> _ASSIGNMENT_:
Write out the data word for word, taking care that no picture is carried over.

(Image-text web data)
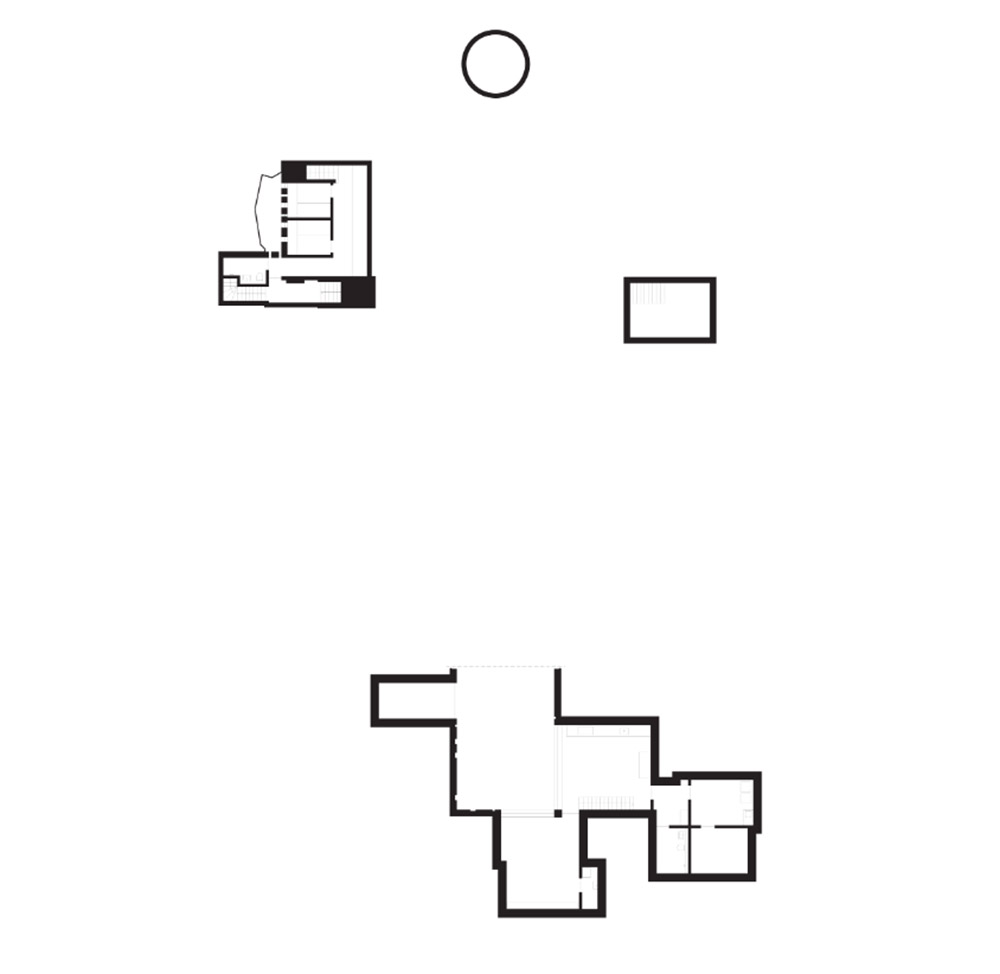 Skils&ouml; Arkitekter transforms old bunker into a private residence with sliced concrete blocks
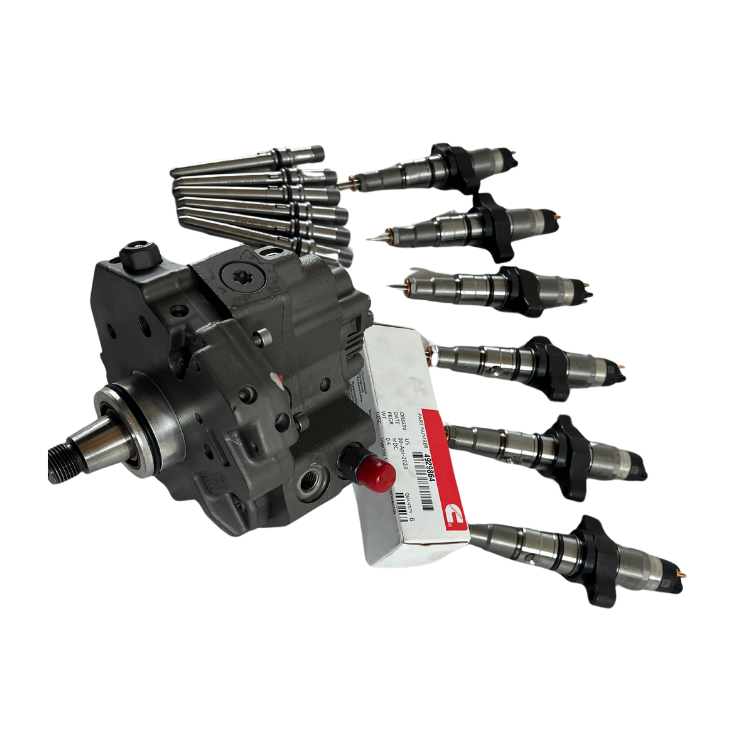 Dodge Ram Cummins 5.9L Fuel Injector 2005-2007 OEM R5135790AD ( Set of 6 )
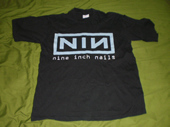 ナイン・インチ・ネイルズ/NINE INCH NAILS　Tシャツの買取価格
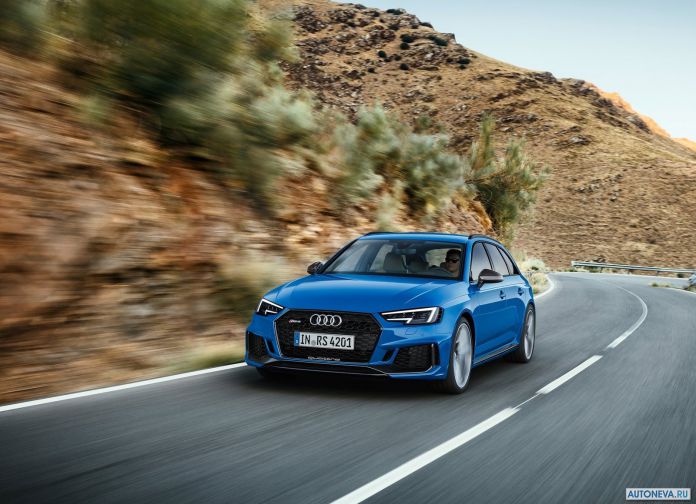 2018 Audi RS4 Avant - фотография 35 из 227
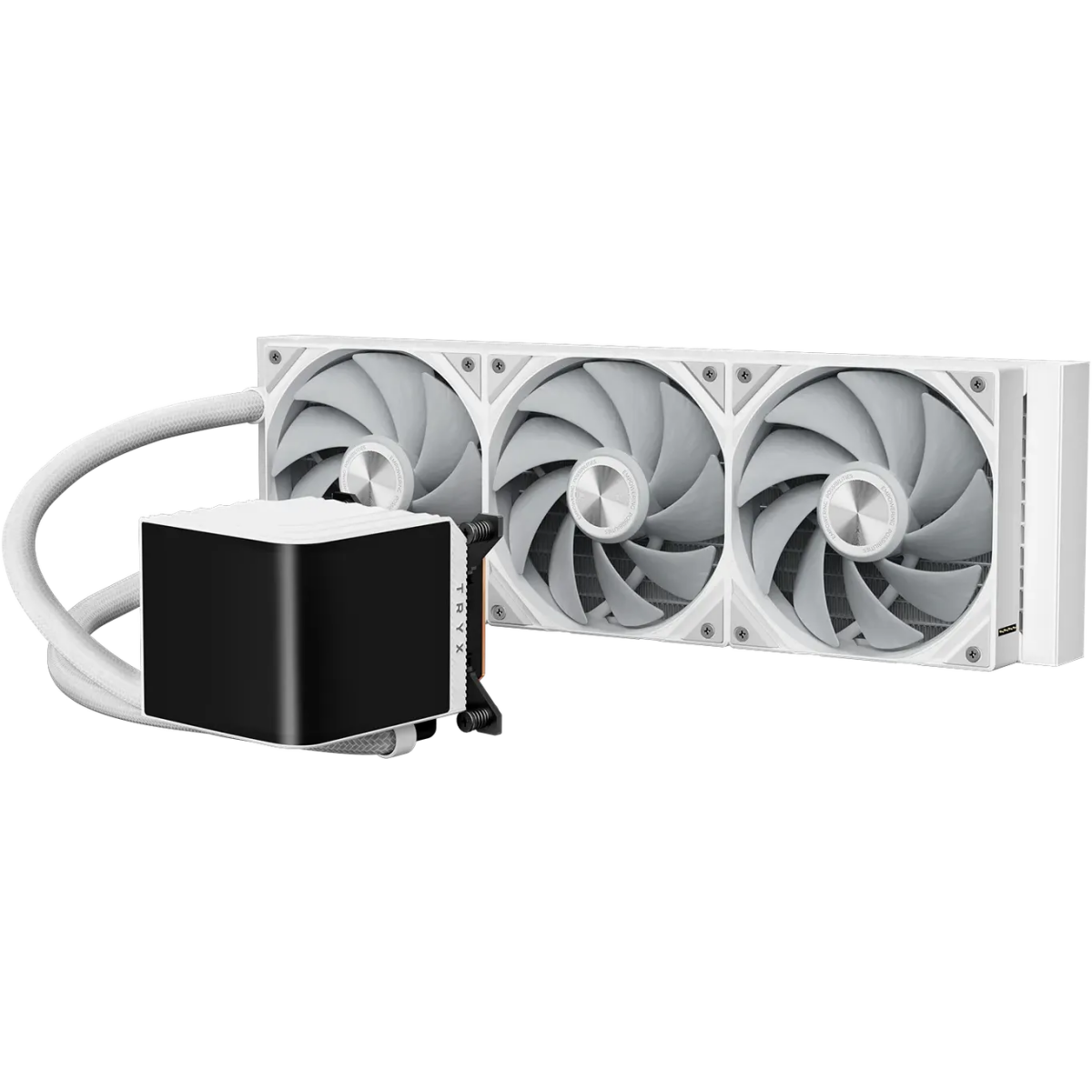 Système de refroidissement liquide TRYX Panorama 360 White - L-P360N-DS3M-G1W - photo 2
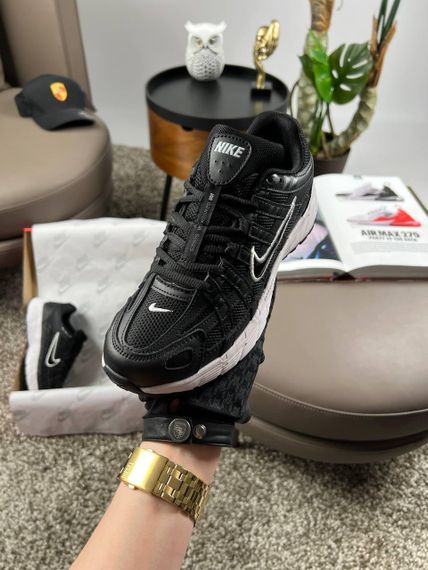 Кросівки P-6000 W Black White , текстиль , В'єтнам | Зображення 3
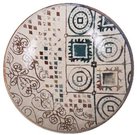 Dubenėlis 21x5,3 cm porcelianas Grecia Monaco La Mediterranea SP-CRE26102-1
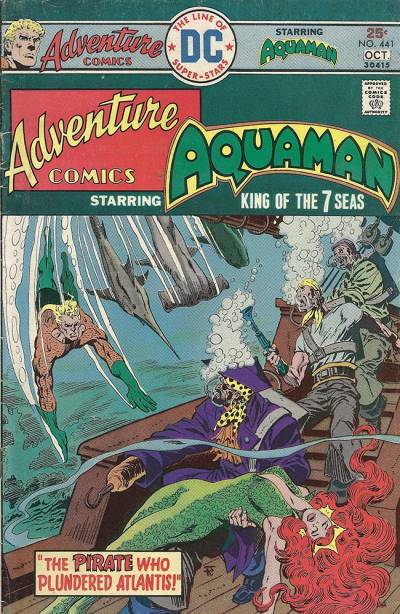 Adventure Comics (1938)   n° 441 - DC Comics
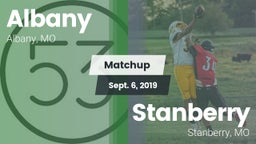 Matchup: Albany vs. Stanberry  2019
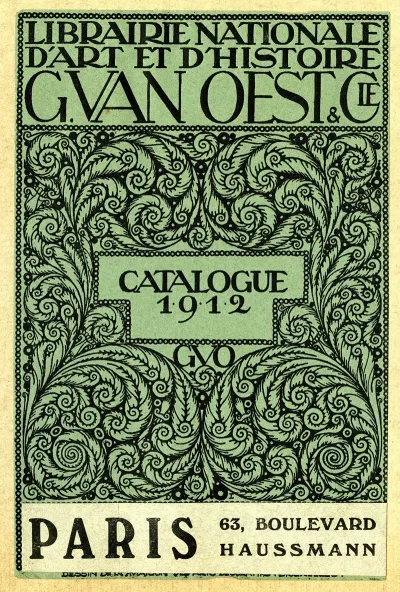 Catalogue 1912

> _RESPONSE FOR THIS EXERCISE_:
 Skils&ouml; Arkitekter transforms old bunker into a private residence with sliced concrete blocks
 Dodge Ram Cummins 5.9L Fuel Injector 2005-2007 OEM R5135790AD ( Set of 6 )
 ナイン・インチ・ネイルズ/NINE INCH NAILS　Tシャツの買取価格
 2018 Audi RS4 Avant - фотография 35 из 227
 Système de refroidissement liquide TRYX Panorama 360 White - L-P360N-DS3M-G1W - photo 2
 Кросівки P-6000 W Black White , текстиль , В'єтнам | Зображення 3
 Dubenėlis 21x5,3 cm porcelianas Grecia Monaco La Mediterranea SP-CRE26102-1
 Adventure Comics (1938)   n° 441 - DC Comics
 Matchup: Albany vs. Stanberry  2019
 Catalogue 1912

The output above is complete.